- MATERIALS PROVIDED
☆ ☆ ☆ ☆

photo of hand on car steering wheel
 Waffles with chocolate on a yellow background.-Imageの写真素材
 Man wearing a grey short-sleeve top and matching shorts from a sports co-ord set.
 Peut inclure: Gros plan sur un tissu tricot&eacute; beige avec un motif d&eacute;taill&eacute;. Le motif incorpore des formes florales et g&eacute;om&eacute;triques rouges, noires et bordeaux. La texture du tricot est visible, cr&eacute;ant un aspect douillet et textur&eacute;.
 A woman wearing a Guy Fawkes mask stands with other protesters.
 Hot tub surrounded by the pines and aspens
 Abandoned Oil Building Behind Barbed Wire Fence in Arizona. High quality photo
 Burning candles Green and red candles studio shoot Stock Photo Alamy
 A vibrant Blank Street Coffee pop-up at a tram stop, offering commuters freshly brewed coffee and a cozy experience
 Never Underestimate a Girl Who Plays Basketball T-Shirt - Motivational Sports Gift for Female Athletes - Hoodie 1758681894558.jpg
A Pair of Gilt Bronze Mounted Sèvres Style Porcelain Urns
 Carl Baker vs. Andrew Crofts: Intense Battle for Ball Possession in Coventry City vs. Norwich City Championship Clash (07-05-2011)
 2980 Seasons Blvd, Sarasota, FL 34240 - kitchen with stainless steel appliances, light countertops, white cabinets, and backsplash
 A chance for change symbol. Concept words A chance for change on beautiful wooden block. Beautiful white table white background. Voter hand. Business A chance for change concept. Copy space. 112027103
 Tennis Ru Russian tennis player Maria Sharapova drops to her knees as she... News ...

☆ ☆ ☆ ☆

- THE TASK
Take the lines above from the one containing "Peut inclure: Gros" down to the one containing "Carl Baker vs.", and transcribe them exactly, both ends included.

- FINAL ANSWER
 Peut inclure: Gros plan sur un tissu tricot&eacute; beige avec un motif d&eacute;taill&eacute;. Le motif incorpore des formes florales et g&eacute;om&eacute;triques rouges, noires et bordeaux. La texture du tricot est visible, cr&eacute;ant un aspect douillet et textur&eacute;.
 A woman wearing a Guy Fawkes mask stands with other protesters.
 Hot tub surrounded by the pines and aspens
 Abandoned Oil Building Behind Barbed Wire Fence in Arizona. High quality photo
 Burning candles Green and red candles studio shoot Stock Photo Alamy
 A vibrant Blank Street Coffee pop-up at a tram stop, offering commuters freshly brewed coffee and a cozy experience
 Never Underestimate a Girl Who Plays Basketball T-Shirt - Motivational Sports Gift for Female Athletes - Hoodie 1758681894558.jpg
A Pair of Gilt Bronze Mounted Sèvres Style Porcelain Urns
 Carl Baker vs. Andrew Crofts: Intense Battle for Ball Possession in Coventry City vs. Norwich City Championship Clash (07-05-2011)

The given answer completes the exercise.